Mark each of the AXI Stream interface connection lines for debug (right-click and select Debug...). Run the connection automation option that pops up after marking each of the interface lines for debug, ensuring the AXI Stream protocol checker is enabled on all of them.
After running this connection automation, ILAs (integrated logic analyzers) will appear in the block design, triggering me to regenerate the layout and rerun validation on the block design:
Save the block design and create an HDL wrapper for it to instantiate it (selecting the option to let Vivado auto-manage it):
It's worth noting for the Sources hierarchy with HDL wrapper changes to pull the FIR, phase increment state machine, and memory dump state machine Verilog files under the block design now. This demonstrates the role of the HDL wrapper in bridging the last gap between the block design and other source files in a Vivado project.
At this point the design is complete and ready to run synthesis on, implementation for place and route, and finally generate a bitstream for the Arty board. I like to select the Generate Bitstream option from the tool bar along the top of the Vivado window, as it will automatically kick off a synthesis run and implementation when needed. Since I've run each of these pieces in behavioral simulation separately in the past, I'm taking a risk and jumping straight to running this design on actual hardware (spoiler: this wasn't the best idea I've ever had....).
To prep the Arty board for this particular use case, the jumpers must be configured for it to boot its QSPI flash memory (where the bitstream is being flashed to) and to supply its power from the USB host instead of looking to the regulator connect to the barrel jack for power from an A/C outlet (since we're not booting from the SD card and tryin to run a Linux image, USB power is enough).
After connecting the Arty board to the host PC, launch Hardware Manager and select the Auto Connect option.
Once opened, nothing will appear in the ILA window in the Hardware Manager since the bitstream hasn't been uploaded to the FPGA yet, and the option to program the device will appear at the top of the window.
Vivado will auto-fill the generated bitstream files from the project in the pop up window to flash bitstream onto FPGA. Once completed, the Hardware Manager window will refresh to show the ILA widows that were added by marking the AXI stream interfaces for debug in the block design.
Since the design was set up in such a way that it will forever run in the loop of generating and filtering the chirp signal, run the immediate trigger option at any time in the ILA to see the result.

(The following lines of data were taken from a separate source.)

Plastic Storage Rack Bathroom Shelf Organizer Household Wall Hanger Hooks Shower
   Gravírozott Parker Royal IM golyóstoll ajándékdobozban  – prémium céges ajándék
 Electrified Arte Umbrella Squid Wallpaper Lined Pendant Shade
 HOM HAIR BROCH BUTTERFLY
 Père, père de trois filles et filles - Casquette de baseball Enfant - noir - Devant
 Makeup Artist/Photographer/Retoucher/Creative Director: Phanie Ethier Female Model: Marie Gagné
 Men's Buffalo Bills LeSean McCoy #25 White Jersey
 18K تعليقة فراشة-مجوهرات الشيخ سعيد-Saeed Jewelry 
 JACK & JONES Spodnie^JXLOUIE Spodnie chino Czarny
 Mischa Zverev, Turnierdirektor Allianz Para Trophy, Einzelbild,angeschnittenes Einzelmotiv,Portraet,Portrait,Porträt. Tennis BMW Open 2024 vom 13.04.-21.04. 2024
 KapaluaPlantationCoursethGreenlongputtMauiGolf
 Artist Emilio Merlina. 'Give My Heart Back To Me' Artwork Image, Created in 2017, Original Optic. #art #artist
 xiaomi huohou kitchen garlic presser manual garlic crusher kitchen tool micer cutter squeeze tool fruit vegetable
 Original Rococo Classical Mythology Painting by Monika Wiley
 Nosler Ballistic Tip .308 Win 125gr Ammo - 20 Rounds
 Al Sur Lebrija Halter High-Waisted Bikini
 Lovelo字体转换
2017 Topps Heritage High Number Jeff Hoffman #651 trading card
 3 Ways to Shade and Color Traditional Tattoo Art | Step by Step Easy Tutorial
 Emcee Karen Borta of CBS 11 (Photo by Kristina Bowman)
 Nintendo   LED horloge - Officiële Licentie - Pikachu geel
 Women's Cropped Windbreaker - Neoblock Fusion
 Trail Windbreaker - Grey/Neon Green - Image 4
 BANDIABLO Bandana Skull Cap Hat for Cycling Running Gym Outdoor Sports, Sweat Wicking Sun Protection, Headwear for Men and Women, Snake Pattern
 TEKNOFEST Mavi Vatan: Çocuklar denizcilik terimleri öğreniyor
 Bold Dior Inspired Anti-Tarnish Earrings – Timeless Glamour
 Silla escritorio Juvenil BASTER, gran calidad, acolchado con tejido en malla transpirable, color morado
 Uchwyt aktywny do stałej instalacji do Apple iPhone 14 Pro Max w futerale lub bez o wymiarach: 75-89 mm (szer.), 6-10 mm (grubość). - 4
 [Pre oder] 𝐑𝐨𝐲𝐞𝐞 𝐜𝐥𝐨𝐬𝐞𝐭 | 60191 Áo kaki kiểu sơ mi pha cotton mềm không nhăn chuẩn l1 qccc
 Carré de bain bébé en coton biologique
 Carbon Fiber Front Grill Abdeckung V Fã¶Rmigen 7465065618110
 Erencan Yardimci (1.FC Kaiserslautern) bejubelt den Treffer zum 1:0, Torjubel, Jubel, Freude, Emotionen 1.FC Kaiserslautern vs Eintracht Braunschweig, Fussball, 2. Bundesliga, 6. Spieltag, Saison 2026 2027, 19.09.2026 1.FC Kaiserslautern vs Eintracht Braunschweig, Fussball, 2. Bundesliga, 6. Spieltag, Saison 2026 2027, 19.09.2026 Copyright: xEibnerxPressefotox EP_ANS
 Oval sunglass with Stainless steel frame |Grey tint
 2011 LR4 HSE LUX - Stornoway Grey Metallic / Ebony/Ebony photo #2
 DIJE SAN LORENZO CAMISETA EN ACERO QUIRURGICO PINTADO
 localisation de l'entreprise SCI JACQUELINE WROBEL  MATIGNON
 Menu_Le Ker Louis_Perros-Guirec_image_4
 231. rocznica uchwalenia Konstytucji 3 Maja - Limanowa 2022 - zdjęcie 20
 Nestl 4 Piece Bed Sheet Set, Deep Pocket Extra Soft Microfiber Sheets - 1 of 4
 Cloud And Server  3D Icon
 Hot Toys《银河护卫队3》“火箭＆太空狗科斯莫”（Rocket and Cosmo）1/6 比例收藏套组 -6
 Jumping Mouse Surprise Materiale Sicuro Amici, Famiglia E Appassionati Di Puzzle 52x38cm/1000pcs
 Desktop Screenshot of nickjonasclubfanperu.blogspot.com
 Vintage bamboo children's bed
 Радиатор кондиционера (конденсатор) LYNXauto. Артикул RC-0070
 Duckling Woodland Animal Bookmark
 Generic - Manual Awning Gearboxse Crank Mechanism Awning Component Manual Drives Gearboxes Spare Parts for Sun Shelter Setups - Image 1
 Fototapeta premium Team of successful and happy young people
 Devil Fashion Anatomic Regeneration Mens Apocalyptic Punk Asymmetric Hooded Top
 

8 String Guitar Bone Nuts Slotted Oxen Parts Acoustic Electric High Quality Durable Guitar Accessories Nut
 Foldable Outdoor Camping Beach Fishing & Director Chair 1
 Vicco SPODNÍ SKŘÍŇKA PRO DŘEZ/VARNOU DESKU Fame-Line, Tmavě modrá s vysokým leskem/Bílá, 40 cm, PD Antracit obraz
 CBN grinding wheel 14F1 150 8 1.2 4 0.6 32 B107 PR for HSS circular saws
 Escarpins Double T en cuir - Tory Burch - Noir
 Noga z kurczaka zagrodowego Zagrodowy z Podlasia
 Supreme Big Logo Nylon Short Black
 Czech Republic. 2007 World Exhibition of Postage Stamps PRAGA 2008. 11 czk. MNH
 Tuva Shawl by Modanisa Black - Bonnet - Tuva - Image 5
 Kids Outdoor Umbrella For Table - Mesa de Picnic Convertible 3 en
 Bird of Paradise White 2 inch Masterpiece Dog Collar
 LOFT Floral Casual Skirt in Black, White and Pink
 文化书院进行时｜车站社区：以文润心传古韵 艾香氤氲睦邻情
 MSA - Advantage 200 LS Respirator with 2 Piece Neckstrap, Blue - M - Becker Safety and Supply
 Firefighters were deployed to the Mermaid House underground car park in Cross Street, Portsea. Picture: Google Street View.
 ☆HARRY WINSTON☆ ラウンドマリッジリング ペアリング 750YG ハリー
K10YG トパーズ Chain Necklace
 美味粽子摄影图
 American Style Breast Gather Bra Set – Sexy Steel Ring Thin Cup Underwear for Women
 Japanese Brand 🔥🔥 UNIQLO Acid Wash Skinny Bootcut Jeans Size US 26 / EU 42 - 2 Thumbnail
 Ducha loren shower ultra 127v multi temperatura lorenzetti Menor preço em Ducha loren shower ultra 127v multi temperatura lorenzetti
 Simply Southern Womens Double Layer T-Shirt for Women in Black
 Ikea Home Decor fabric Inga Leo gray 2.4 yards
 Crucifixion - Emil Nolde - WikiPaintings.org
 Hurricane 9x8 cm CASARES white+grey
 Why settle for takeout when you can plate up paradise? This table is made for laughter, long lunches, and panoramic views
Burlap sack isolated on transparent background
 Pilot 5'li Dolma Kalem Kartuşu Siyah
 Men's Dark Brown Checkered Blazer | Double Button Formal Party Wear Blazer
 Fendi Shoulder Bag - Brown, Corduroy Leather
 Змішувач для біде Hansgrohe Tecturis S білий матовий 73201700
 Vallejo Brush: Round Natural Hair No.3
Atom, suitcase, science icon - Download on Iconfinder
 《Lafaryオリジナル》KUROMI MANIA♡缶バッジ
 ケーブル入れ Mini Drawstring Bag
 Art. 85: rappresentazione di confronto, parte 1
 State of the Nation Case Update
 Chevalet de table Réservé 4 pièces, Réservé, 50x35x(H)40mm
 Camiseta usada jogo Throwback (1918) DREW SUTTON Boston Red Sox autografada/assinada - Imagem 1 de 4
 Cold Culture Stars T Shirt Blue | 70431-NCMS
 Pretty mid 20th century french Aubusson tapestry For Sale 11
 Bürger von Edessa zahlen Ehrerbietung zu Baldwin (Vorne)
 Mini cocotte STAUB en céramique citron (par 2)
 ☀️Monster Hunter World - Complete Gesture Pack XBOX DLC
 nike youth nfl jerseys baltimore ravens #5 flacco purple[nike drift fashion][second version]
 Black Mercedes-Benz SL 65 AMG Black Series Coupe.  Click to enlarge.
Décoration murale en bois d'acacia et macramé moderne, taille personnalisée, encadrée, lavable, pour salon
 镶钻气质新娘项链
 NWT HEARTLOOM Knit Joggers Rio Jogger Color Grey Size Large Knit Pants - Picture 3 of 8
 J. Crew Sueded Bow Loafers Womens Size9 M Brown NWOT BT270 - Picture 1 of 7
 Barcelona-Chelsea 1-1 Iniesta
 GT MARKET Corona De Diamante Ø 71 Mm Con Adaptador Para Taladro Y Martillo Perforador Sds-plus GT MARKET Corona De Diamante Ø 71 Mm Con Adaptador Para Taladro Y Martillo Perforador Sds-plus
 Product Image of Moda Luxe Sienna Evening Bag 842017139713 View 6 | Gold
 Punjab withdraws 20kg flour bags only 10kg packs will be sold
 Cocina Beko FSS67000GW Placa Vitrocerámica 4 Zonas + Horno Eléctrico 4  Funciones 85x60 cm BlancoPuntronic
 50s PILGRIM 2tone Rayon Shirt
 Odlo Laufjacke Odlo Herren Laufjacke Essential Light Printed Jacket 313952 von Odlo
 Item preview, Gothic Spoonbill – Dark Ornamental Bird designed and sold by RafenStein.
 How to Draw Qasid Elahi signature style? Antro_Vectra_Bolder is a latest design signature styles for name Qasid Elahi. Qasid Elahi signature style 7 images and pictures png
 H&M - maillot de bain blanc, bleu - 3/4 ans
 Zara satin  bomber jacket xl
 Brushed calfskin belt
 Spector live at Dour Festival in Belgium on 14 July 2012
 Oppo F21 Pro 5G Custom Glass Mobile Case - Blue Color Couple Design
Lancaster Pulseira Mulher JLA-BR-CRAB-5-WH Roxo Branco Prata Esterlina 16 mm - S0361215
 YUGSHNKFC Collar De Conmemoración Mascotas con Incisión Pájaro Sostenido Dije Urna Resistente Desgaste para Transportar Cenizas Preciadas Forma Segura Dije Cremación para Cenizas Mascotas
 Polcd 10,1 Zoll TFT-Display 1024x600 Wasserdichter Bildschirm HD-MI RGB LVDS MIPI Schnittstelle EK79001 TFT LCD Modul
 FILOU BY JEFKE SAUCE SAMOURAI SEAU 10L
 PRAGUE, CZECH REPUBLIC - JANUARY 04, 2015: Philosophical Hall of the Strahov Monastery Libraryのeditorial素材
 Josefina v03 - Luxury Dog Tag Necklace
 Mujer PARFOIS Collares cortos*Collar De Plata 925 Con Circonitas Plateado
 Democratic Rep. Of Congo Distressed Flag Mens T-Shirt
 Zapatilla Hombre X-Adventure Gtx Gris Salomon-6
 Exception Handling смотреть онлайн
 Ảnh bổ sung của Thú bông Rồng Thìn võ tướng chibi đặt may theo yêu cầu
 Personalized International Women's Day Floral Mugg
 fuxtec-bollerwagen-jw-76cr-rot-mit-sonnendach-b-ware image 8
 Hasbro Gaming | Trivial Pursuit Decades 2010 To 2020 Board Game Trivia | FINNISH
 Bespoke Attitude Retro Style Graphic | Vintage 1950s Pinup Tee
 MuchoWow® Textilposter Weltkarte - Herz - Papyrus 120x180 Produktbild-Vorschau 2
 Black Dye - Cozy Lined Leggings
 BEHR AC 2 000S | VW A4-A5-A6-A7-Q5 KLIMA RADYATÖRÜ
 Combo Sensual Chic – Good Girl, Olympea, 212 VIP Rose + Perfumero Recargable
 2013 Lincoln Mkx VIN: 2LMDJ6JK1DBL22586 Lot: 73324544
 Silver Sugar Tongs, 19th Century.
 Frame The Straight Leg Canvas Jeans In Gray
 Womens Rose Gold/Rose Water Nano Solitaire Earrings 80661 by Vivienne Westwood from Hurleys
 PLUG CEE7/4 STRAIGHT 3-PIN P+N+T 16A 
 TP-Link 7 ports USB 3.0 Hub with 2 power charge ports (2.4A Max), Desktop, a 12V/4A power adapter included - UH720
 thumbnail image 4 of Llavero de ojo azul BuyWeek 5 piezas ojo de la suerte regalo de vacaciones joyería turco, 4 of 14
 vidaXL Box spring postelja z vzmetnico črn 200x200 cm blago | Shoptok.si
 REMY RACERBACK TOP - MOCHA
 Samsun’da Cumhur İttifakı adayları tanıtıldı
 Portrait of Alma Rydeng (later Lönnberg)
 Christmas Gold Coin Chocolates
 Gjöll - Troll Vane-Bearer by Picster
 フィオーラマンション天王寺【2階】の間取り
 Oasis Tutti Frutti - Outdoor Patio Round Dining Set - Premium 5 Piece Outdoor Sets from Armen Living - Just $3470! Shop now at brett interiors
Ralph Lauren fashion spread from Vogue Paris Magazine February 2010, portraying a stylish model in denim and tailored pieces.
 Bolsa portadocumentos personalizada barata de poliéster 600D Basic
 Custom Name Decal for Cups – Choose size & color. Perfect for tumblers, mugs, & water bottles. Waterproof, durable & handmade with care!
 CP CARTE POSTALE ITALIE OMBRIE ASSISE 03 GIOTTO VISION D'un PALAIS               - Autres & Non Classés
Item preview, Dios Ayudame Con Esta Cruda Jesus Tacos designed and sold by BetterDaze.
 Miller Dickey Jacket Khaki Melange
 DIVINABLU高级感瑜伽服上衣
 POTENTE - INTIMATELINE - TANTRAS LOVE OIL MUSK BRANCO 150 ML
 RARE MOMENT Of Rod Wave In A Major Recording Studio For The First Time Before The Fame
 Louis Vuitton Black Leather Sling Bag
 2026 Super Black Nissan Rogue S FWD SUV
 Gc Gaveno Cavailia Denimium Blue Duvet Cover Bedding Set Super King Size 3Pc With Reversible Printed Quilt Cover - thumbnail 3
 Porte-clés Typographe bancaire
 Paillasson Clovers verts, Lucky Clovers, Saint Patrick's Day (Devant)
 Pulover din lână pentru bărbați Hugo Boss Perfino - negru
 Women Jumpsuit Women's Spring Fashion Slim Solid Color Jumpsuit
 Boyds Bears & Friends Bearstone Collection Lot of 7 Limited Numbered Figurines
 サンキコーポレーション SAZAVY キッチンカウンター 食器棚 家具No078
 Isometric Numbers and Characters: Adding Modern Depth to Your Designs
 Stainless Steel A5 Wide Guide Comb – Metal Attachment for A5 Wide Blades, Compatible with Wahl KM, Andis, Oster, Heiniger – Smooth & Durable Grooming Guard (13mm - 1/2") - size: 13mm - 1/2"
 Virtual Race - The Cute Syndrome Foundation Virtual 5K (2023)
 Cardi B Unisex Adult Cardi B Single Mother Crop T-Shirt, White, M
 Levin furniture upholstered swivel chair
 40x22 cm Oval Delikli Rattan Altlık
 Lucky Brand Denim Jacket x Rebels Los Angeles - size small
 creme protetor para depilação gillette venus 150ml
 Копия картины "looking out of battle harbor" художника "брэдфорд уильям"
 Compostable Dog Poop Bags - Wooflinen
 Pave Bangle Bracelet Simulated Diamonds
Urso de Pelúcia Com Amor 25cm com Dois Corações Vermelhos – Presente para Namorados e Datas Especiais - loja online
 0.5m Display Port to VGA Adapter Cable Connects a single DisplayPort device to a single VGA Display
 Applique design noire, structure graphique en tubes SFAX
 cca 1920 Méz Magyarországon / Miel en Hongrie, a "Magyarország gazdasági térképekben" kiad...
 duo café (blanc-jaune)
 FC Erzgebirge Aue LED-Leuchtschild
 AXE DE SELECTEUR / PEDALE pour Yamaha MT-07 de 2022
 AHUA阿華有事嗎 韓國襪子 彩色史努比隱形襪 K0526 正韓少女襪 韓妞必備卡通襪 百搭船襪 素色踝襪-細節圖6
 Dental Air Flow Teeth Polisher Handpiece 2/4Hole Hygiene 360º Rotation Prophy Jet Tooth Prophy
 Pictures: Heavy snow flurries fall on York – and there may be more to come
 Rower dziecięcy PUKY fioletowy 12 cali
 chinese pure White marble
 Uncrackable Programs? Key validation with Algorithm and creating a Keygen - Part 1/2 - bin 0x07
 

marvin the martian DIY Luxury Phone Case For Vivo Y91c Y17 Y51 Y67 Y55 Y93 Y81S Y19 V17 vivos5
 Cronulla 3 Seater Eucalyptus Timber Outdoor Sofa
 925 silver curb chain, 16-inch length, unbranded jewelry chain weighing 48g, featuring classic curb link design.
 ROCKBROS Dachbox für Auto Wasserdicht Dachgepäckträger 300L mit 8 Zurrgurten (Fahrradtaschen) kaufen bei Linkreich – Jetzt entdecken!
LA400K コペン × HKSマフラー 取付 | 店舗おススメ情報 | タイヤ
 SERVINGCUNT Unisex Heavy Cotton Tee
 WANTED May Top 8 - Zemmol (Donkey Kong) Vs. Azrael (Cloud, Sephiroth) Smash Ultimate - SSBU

It is at this point that I realized that I got too confident by skipping straight to deploying this design on hardware and skipping the stage of running a behavioral simulation before running synthesis, implementation, and generating a bitstream. The ILAs revealed the awful truth that my FIR wasn't filtering anything, the entirety of the chirp signal from 1 MHz - 25 MHz was passing through it completely unattenuated.
That wasn't even my only problem, as I zoomed into the output of my DDS Compiler at the higher end of the chirp (15 MHz and above) I found that the sine wave didn't look like a smooth, full wave. It was just an irregular zig zag looking pattern.
After some digging into many forums and the the product guide for the Xilinx DDS Compiler (PG141), I found that using the Hardware Parameter option was a risky thing to do since it takes your specified bit widths and calculates its own spurious-free dynamic range (SFDR) and frequency resolution for the output sine wave.
SFDR is an important parameter for a DDS Compiler as it tells the DDS how big the ratio needs to be between the power level of fundamental frequency and any spurious signals around it in order to filter them out. If the SFDR is too low, it will allow too many spurious signals through with the desired frequency, giving you a messy output like what I was getting (which the higher the frequency of the desired output signal is, the more susceptible it is to this). On the other hand, if the SFDR is set too high it will filter everything out including the desired fundamental frequency since the delta between it and any spurious signal(s) isn't large enough.
Another fun fact if you're forcing certain hardware parameters, the DDS can also sometimes compensate by setting a very un-useful frequency resolution such as 1500 Hz.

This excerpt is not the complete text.